**Task prompt:**
For this task, output exactly the lines of the material below starting at the line with "Photo 11 of" and ending at the line with "Shower, free toiletries"; pictures are to be excluded.

**Data provided:**
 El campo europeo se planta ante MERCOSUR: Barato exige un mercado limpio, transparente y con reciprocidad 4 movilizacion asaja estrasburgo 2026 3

...

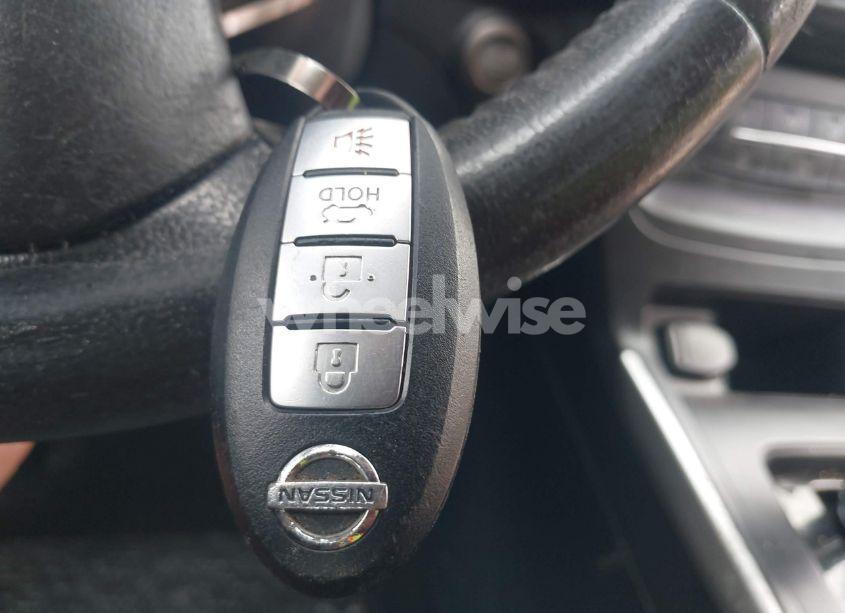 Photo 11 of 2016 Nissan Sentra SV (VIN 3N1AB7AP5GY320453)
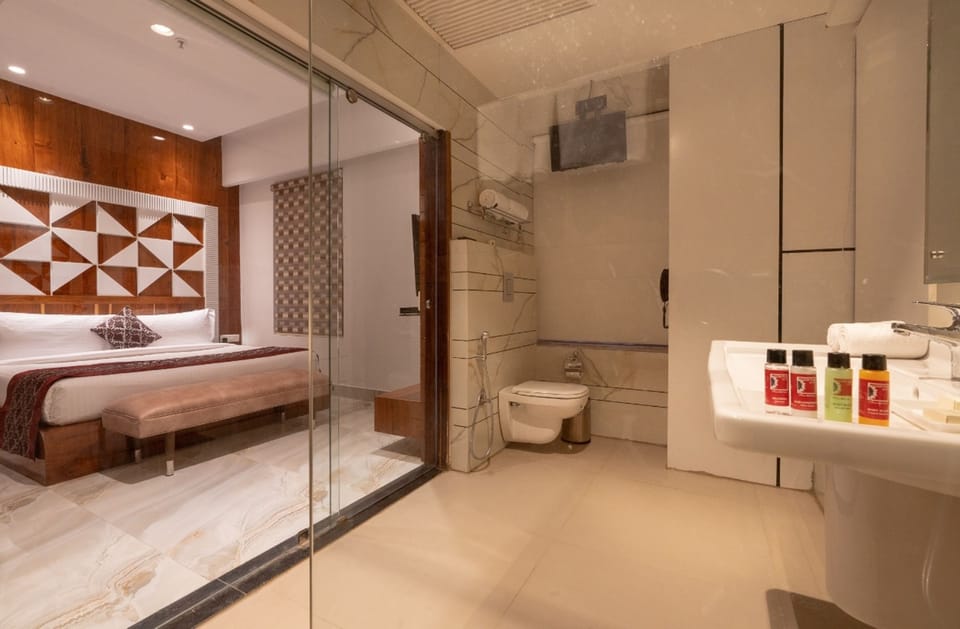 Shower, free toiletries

**Response to this exercise:**
 Photo 11 of 2016 Nissan Sentra SV (VIN 3N1AB7AP5GY320453)
 Shower, free toiletries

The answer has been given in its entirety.